Data records:
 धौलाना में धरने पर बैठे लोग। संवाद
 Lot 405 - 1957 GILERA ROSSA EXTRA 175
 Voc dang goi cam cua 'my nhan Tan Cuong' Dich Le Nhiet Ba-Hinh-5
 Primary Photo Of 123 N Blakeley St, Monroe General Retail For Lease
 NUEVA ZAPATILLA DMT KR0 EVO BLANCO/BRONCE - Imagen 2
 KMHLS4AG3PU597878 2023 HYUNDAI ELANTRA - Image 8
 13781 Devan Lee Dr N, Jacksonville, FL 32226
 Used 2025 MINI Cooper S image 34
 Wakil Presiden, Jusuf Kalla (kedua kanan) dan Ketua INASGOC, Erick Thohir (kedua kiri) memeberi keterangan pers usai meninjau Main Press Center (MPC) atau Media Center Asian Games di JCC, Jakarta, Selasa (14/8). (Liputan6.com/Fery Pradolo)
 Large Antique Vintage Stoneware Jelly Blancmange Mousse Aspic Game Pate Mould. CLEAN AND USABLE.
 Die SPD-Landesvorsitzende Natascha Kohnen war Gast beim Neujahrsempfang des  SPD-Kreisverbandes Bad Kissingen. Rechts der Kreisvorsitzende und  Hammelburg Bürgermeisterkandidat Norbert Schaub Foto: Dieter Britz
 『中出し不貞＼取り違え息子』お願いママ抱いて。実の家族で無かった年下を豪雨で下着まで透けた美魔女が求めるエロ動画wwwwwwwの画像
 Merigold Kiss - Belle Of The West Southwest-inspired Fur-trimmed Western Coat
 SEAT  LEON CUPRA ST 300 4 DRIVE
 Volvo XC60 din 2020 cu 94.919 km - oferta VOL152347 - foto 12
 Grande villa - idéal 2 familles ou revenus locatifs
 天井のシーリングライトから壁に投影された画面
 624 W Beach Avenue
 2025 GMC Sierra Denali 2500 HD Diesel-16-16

THE TASK :: In the records above, find the line containing "300 4 DRIVE"; please retype it and every line after it through the last line, exactly and with nothing else.

RESULT ::
 SEAT  LEON CUPRA ST 300 4 DRIVE
 Volvo XC60 din 2020 cu 94.919 km - oferta VOL152347 - foto 12
 Grande villa - idéal 2 familles ou revenus locatifs
 天井のシーリングライトから壁に投影された画面
 624 W Beach Avenue
 2025 GMC Sierra Denali 2500 HD Diesel-16-16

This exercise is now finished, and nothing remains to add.